The Director-General of the Social Security and National Insurance Trust (SSNIT), Dr. John Ofori-Tenkorang, has disclosed that the Trust was able to retrieve GH¢154 million from the prosecution of employers who were reluctant to pay the contributions of their employees in the first half of 2023.
He urged employers to be diligent in paying their employees’ SSNIT contributions to avoid prosecution, which he said is often the Trust’s last resort.
“The SSNIT law states that it is the employer’s obligation to ensure that SSNIT payments are remitted to SSNIT. If employers do this diligently, then we would not have to send compliance officers after them. However, due to some misunderstanding or sheer devilishness, some employers fail to remit their contributions to SSNIT.”
“If, after repeated reminders, reluctant employers still do not make contributions, then we have no choice but to take them to court. Some of these prosecutions have led us to retrieve GH¢154 million in the first half of the year.”
According to Dr. Ofori-Tenkorang, available data and projections show that the Trust is on track to meet its targets by the end of the year.

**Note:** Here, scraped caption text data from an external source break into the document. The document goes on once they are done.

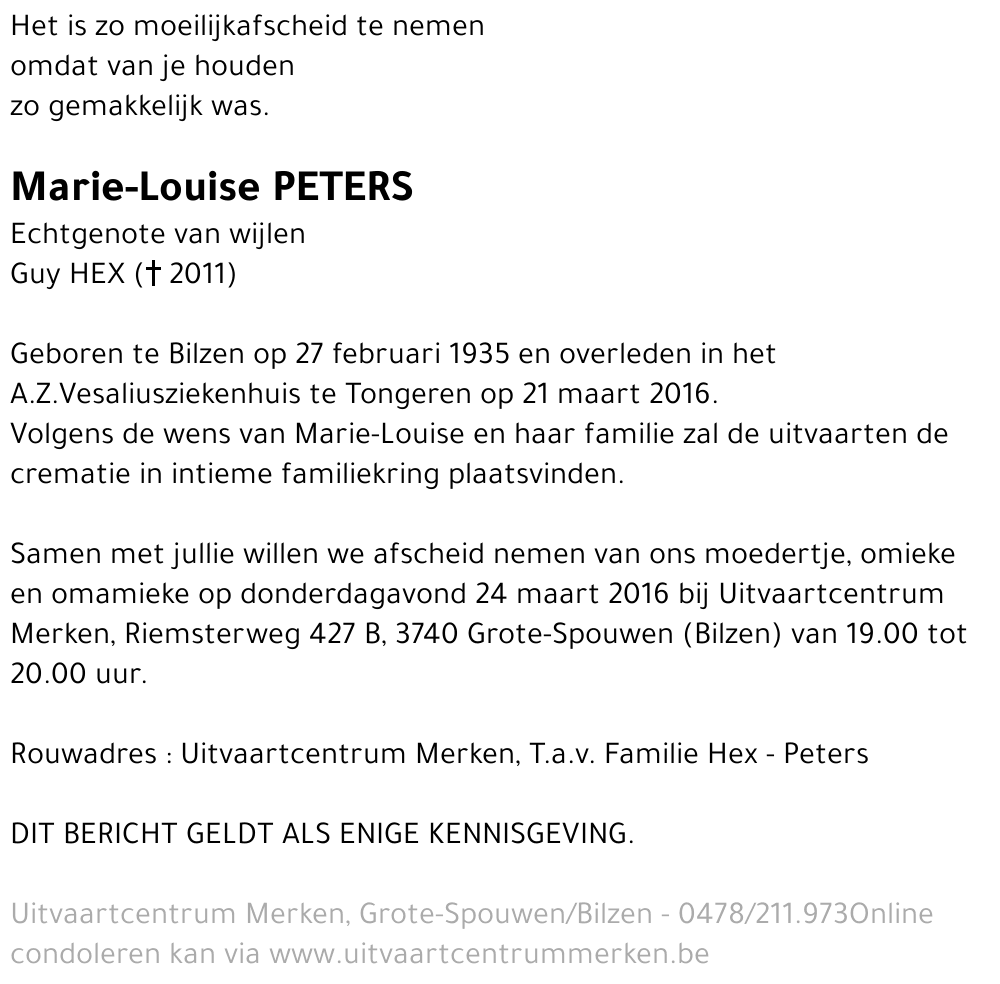 Marie-Louise PETERS
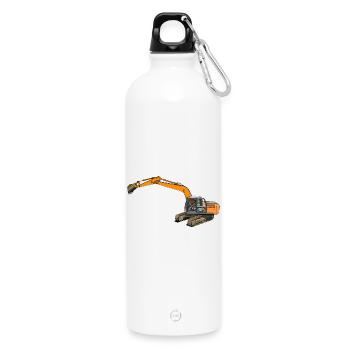 Löffelbagger greift ein - Trinkflasche mit Karabiner 750 ml - Weiß - Vorne
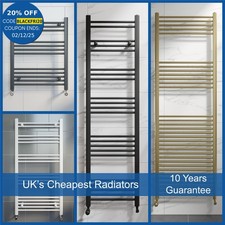 Bathroom Flat Heated Towel Rail Radiator Chrome Black Brass Anthracite White
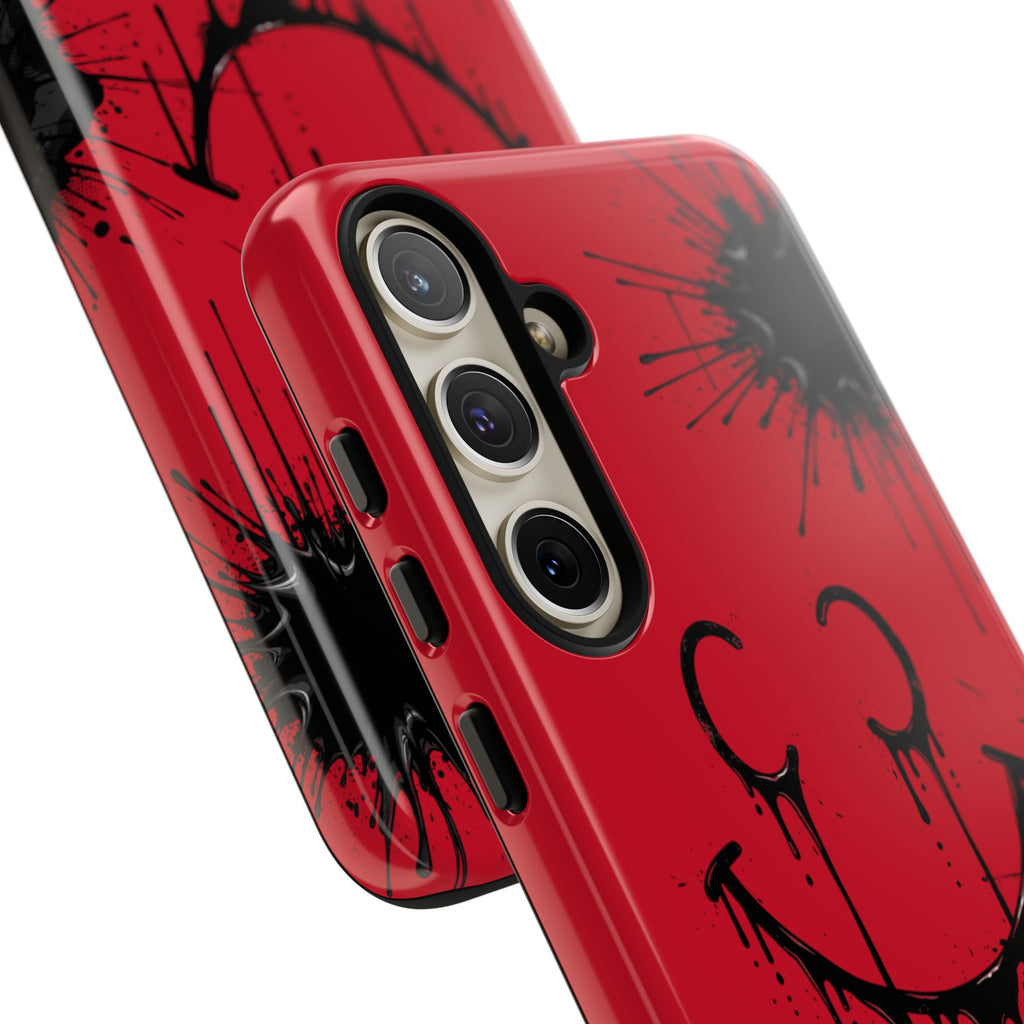 Protective Phone Case — Red Drip Smile Splatter Design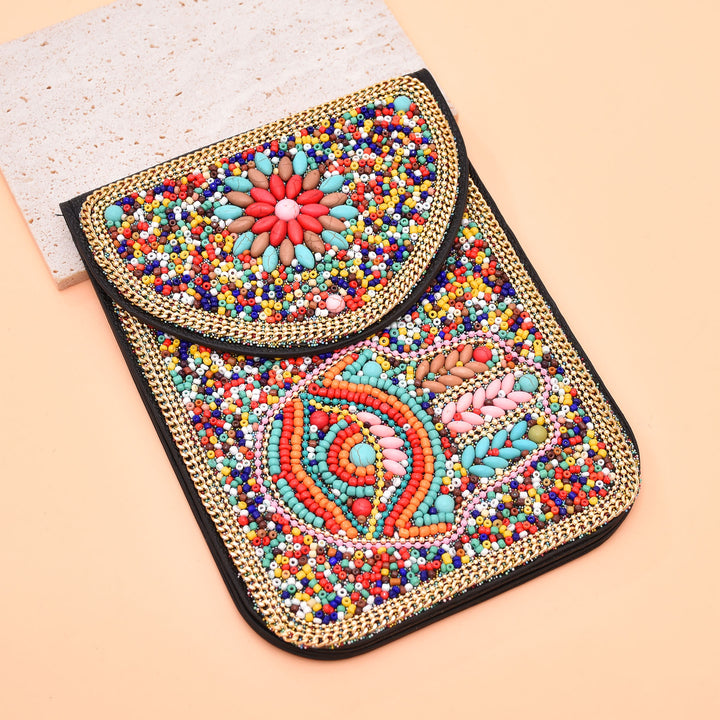 Olivenorma Bohemian Beaded Evil Eye Hamsa Mobile Phone Bag - image 13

Speaking to the media on the sidelines of the 2023 SSNIT Employers Breakfast Meeting in Koforidua, Dr. John Ofori-Tenkorang also indicated that SSNIT is expanding its operations to cover people in the informal sector.
“Our goal and objective is to ensure that we do not miss any pension payments to people who rely on us as their only source of income for their livelihood. We want to expand, and that is why we are going out there to do the tough work and convince the self-employed to join SSNIT.”
“We want the self-employed to know that SSNIT is a better retirement plan to join if they want to ensure a better and more comfortable retirement. The highest-paid SSNIT pensioner was a self-employed person who was not an employee of anyone and used to earn GH¢100,000 a month.”